The dry eyes of deep grief (Giles Fraser, The Guardian, 09/04/04)

In 1990 the sociologist Gillian Rose became a consultant for the Polish Commission for the Future of Auschwitz. From then until her death in 1995, she argued that the Holocaust was being narrated in such a way as to protect the present generation from the thought that they too might have something in common with the perpetrators. For Rose, the story of the Holocaust is typically told so as to place the audience alongside the victim. The crisis of glimpsing our own reflection in the face of the Nazi camp guard is a horror too far.

Thus the closing scene of the film Schindler's List leaves us, in her words, "piously joining the survivors putting stones on Schindler's grave in Israel". Despite the experience of overwhelming repulsion at the horror of Nazi genocide, too often a fundamental complacency is left unexamined. "Instead of emerging with sentimental tears, which leave us emotionally and politically intact," Rose said, "we [ought to] emerge with the dry eyes of a deep grief which belongs to the recognition of our ineluctable grounding in the norms of the emotional and political culture represented."...

During the liturgy of Holy Week, people who shout "Hosanna" on Palm Sunday are the same people who shout "Crucify" on Good Friday.

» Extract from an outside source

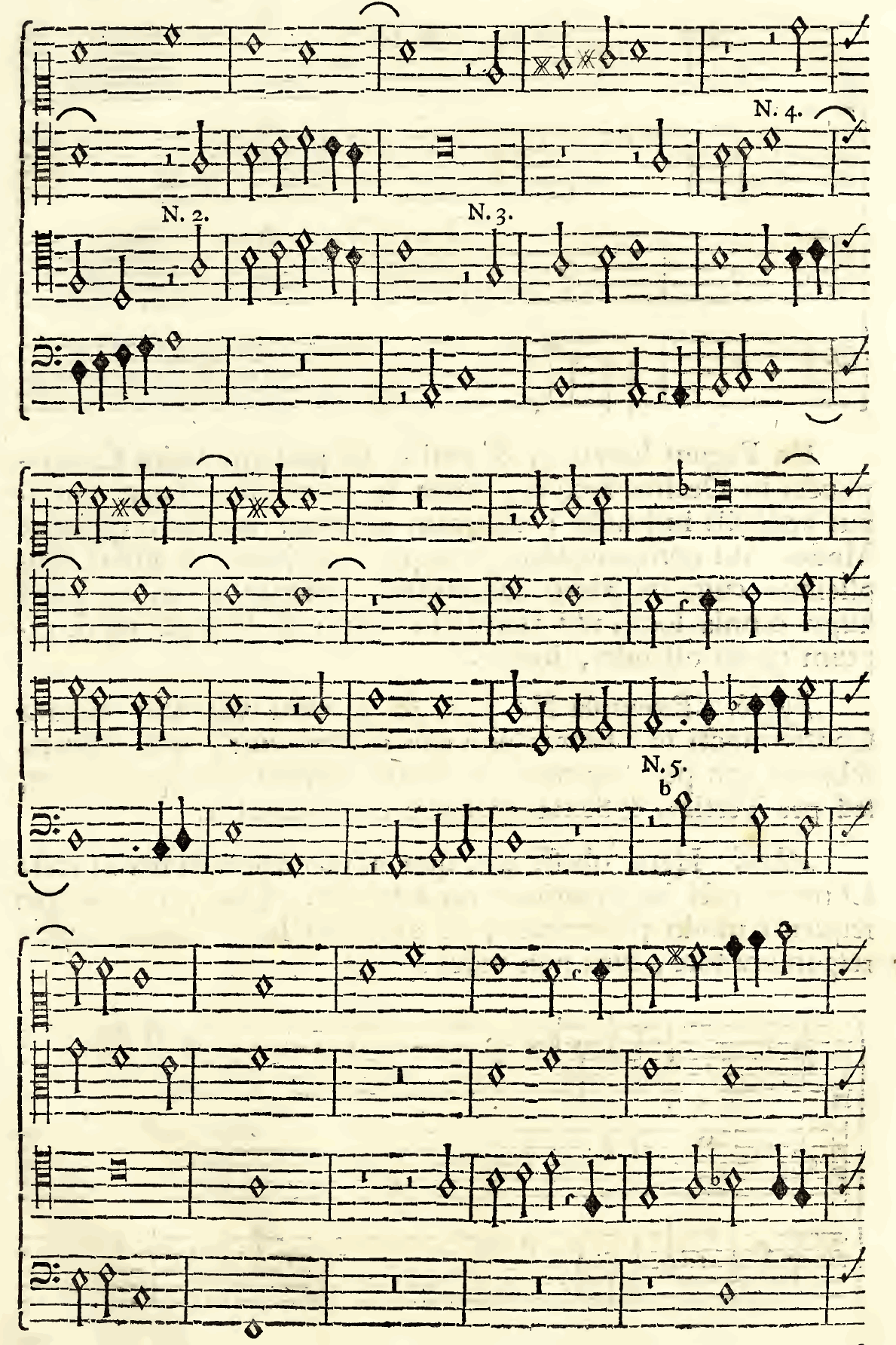 Original notation, labels, figures and analytical annotations retained without redrawing.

The fact that the crucifixion has been the basis for centuries of anti-semitic propaganda must remind Christians - and Palestinian Christians no less so - of their own capacity for violence and brutality. The dangers of imagining oneself a weeping onlooker again leaves a fundamental complacency fully intact.

A meditation upon the shamefulness of Christian history allows Christians their most valuable insight: that there is no safe or comfortable perspective from which to stand aloof from any complicity with the horrors of the world. In my darker moments I am ashamed to be a Christian. As a Jewish Christian, I often fear that in converting to Christianity I sided with the persecutors against the persecuted. But this shame at complicity with a culture of oppression allows for a more general sensitivity to the ways we are all compromised by the endemic violence of the world. The desire to inhabit a cultural space that is unblemished is a dangerous fantasy that cooperates with the desire to avoid facing one's own capacity for brutality.

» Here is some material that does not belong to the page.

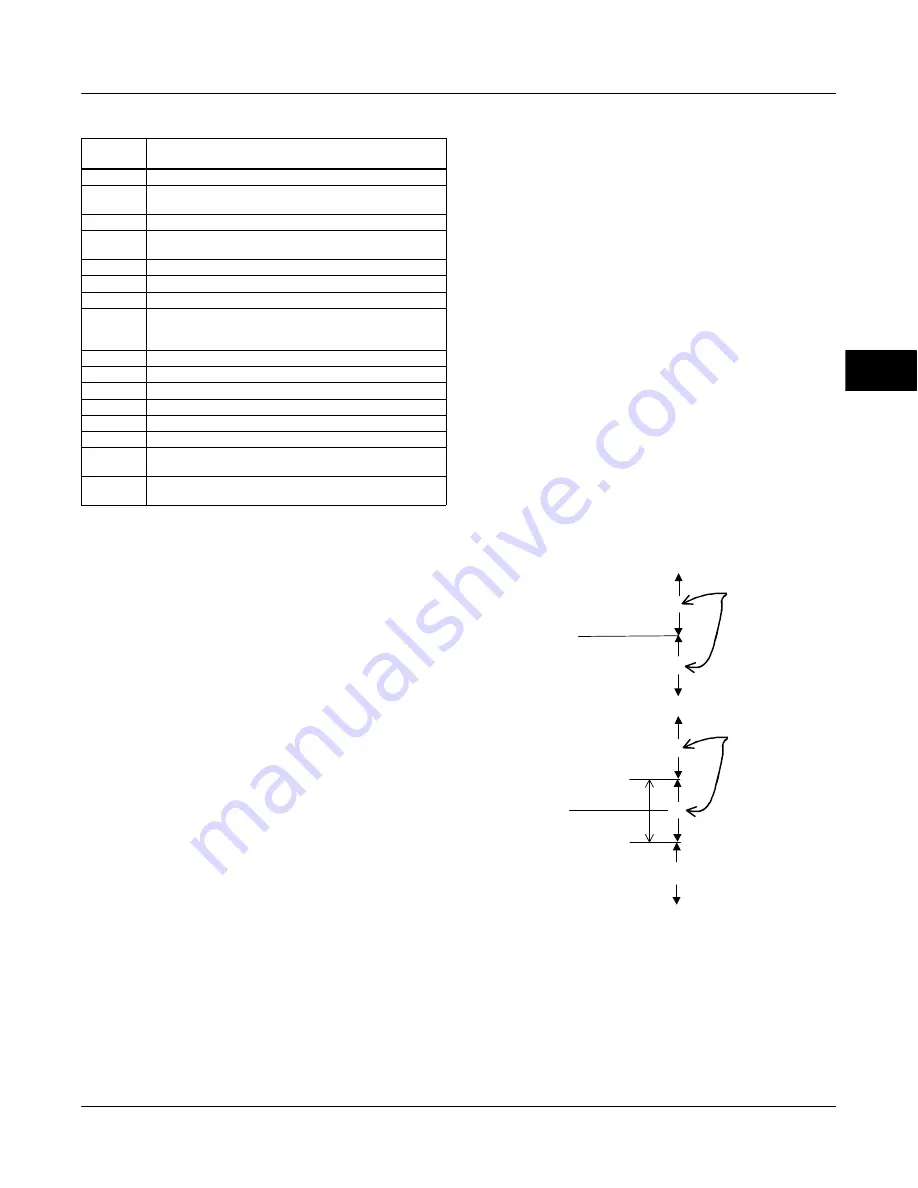 Emerson FIELDVUE DVC6200f Instruction Manual Download Page 205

Dr Jekyll's fundamental flaw is his refusal to acknowledge the existence of Mr Hyde. Hyde can only operate in the dark, in the unexamined spaces brought about by Jekyll's pious avoidance of his own darker motivations. Rose's attack upon those narratives which place us tearfully alongside the victim is an attack upon the refusal of Jekyll to admit to Hyde. For Jekyll and Hyde are not two people but one. Tenderness, intelligence and brutality easily co-exist in the same person. Our own cruelties and prejudices are given ideal conditions to grow when we refuse to admit to them.

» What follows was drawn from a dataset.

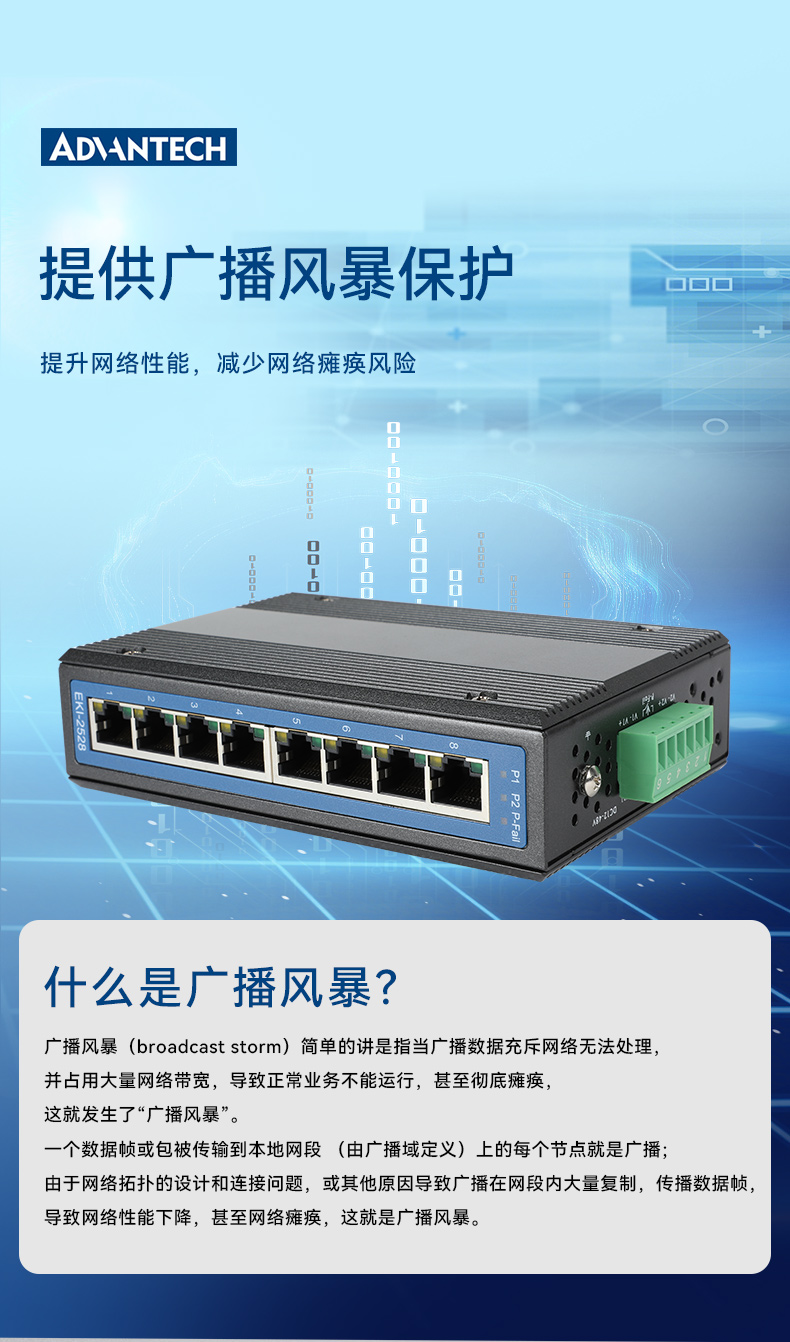 EKI-2528-BE&EKI-2528I-BE-四合一详情页_05.jpg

This is not simply a meditation for the religious. For the cultural space that often has little sense of its own complicity in the horrors of the world is that of secular modernity. The new Jekyll and Hyde is the Jekyll of democratic liberalism and the Hyde of religious fanaticism. Martin Rowson's Guardian cartoons show those with religious belief as crazed and vicious. Good Friday is a day to admit that Christians are often guilty as charged.

But does the attack upon religious fanaticism also work in a dangerous way to excuse the secular imagination an insight into its own capacity for violence? What secular liturgies are there to reveal that those who shout "Hosanna" are the same people who shout "Crucify"? For the Holocaust may have taken place in a country shaped by the values of Christianity. But it took place in a country no less shaped by the values of the Enlightenment and modernity as well.

The refusal of both Islam and modern secularism to admit to any complicity in the world’s evil is the common source of their contemporary menace.